26 February, 2007

Gillespie on the Necessity of Presbyteries and Synods

I have been spending time in two very important books on Presbyterian church government. The first is Jus Divinum Regiminus Ecclesiastici which was written in 1646. The second is Assertion of the Government of the Church of Scotland, In the Points of Ruling Elders, And of the Authority of Presbyteries and Synods by George Gillespie. This one was written in 1644. The Gillespie work is a great read for those interested in reading on church government, but do not have a lot of time to devote to the study. Each chapter is very short and to the point. Below is one chapter which is illustrative of the length and the spiritual depth of the book. Thank you to my friend Shawn Anderson who recommended it to me. Shawn just spent over one year studying this issue in depth. He will have a bibliography available for us all soon.

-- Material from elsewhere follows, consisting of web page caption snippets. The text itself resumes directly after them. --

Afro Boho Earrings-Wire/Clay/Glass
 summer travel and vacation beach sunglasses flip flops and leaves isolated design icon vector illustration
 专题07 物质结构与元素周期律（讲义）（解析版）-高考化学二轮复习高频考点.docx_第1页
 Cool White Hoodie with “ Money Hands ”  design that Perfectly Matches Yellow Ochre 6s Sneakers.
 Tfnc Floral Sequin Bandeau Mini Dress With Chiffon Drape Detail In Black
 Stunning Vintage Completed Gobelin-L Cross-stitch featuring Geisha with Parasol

We have another reason to add, and it is borrowed from lawless necessity; for without a subordination among ecclesiastical courts, and the authority of the higher above the inferior, it were utterly impossible to preserve unity, or to make an end of controversy {60:A} in a nation. A particular congregation might happily end questions and controversies betwixt the members thereof, and so keep unity within itself (and not so neither, if the one half of the congregation be against the other), but how shall controversies betwixt several congregations be determined if both of them be independent? how shall plurality of religions be avoided? how shall an apostatizing congregation be amended?
It is answered, (1.) If a particular congregation neglect their duty, or do wrong to another, the civil sword may proceed against them to make them do their duty. (2.) A particular congregation ought, in difficult cases, to consult with her sister churches; for so much reason dictates, that in difficult cases, counsels should be taken of a greater number. (3.) Sister churches, when they see a particular congregation doing amiss, out of that relation which they have to her, being all in the same body, under the same head, may, and ought to admonish her, and in case of general apostasy, they may withdraw that communion from her which they hold with the true churches of Christ.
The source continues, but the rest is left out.